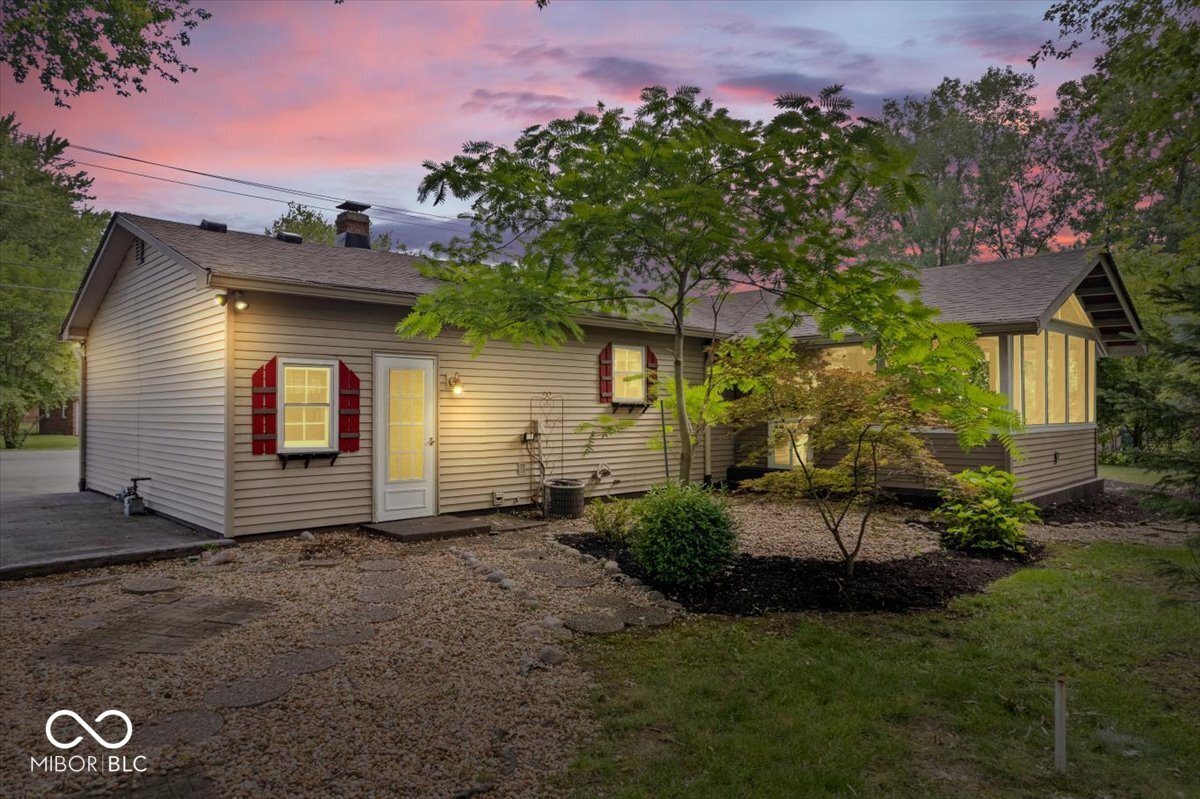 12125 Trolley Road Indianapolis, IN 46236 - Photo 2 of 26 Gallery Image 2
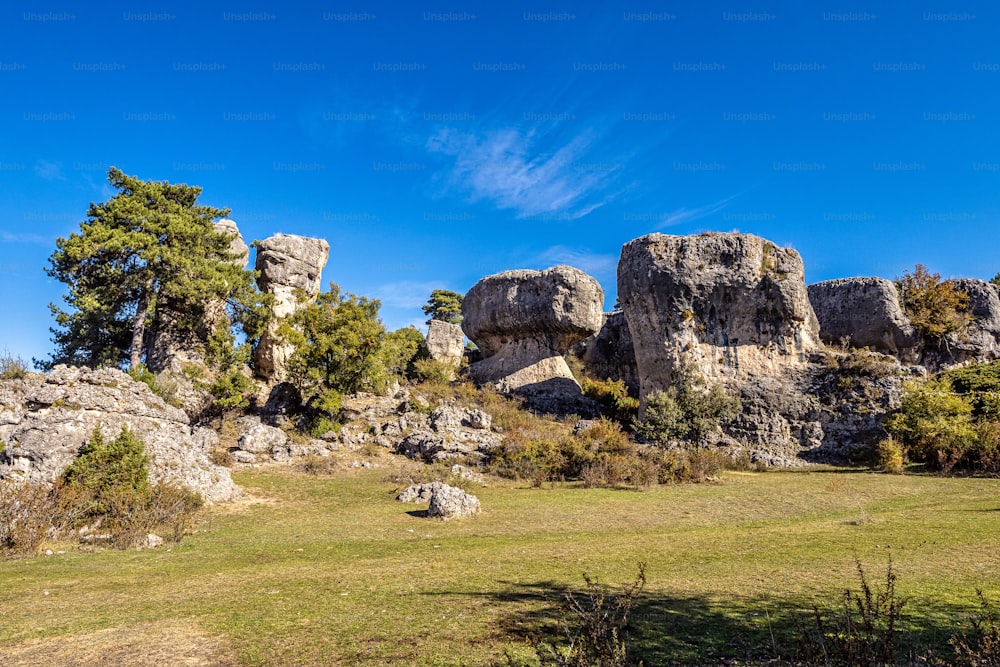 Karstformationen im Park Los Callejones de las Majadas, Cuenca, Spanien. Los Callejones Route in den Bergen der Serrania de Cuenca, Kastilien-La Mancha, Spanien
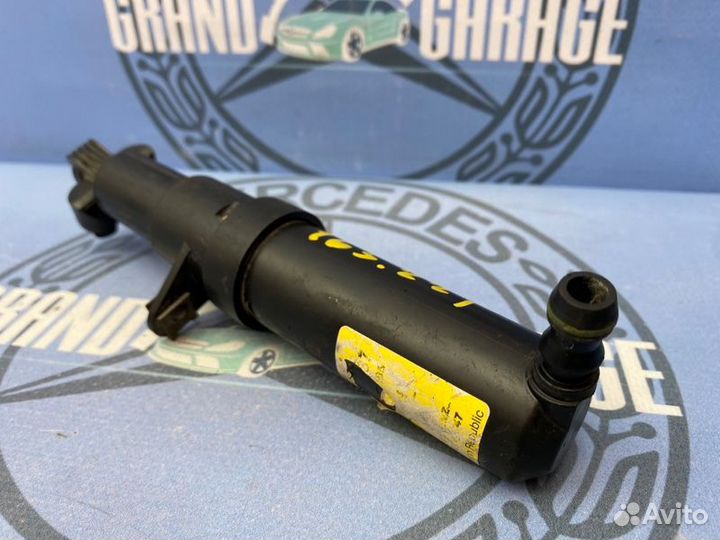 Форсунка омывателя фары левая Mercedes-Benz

□ □ □ □ □

# AIM OF THE EXERCISE
Pictures stay out; the data above is to be returned exactly.

# RESULT OF THIS TASK
 12125 Trolley Road Indianapolis, IN 46236 - Photo 2 of 26 Gallery Image 2
 Karstformationen im Park Los Callejones de las Majadas, Cuenca, Spanien. Los Callejones Route in den Bergen der Serrania de Cuenca, Kastilien-La Mancha, Spanien
 Форсунка омывателя фары левая Mercedes-Benz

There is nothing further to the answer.